= Rap Reiplinger =

American comedian

James Kawika Piʻimauna "Rap" Reiplinger (July 16, 1950 - January 19, 1984) was a Hawaiian comedian, whose humor is an integral part of Hawaii today.

== Biography ==
After attending Punahou School, Reiplinger began performing professionally. In 1974 he helped create the comedy ensemble Booga Booga with James Grant Benton and Ed Kaʻahea. In 1982, he received an Emmy Award and bronze medal from the International Film and Television Festival of New York for the "Most Outstanding Television Production" for his television special, Rap′s Hawaii, which he wrote and in which he starred.

Reiplinger's writing, performance, and comic genius was part of the second Hawaiian Renaissance of the 1970s and 1980s.
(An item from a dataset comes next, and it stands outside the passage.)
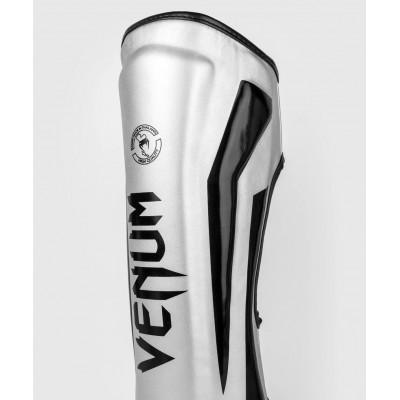 Защита голени стопы Venum Elite Silver/Black (02968) фото 3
Reiplinger was married to television journalist Leesa Clark Stone from October 25, 1983 until his death on January 19, 1984. Reiplinger died in 1984 from cocaine-related causes at the age of 33 after going missing for a week.

== Television ==
- Hawaii Five-O (1977) as Stu Hinman
- Rap's Hawai'i KGMB (1982)

== Discography ==
- Poi Dog (1978)
- Crab Dreams (1979) (Won a Nā Hōkū Hanohano award for Best Comedy Album in 1979.)
- Do I Dare Disturb the Universe (1979)
- Strange Bird (1981)
- Rap′s Hawaii (TV Special) 1982 Emmy Award (DVD 2003)
- Towed Away (1983) (Won a Nā Hōkū Hanohano award for Best Graphics in 1984.)
- Rap′s Aloha (TV Special) 1984 Broadcast posthumously.
- Poi Dog With Crabs (1992) (Poi Dog and Crab Dreams) Released posthumously.
- The Best of Rap (1993) Released posthumously.
- The Best of Rap, Too (1996) Released posthumously.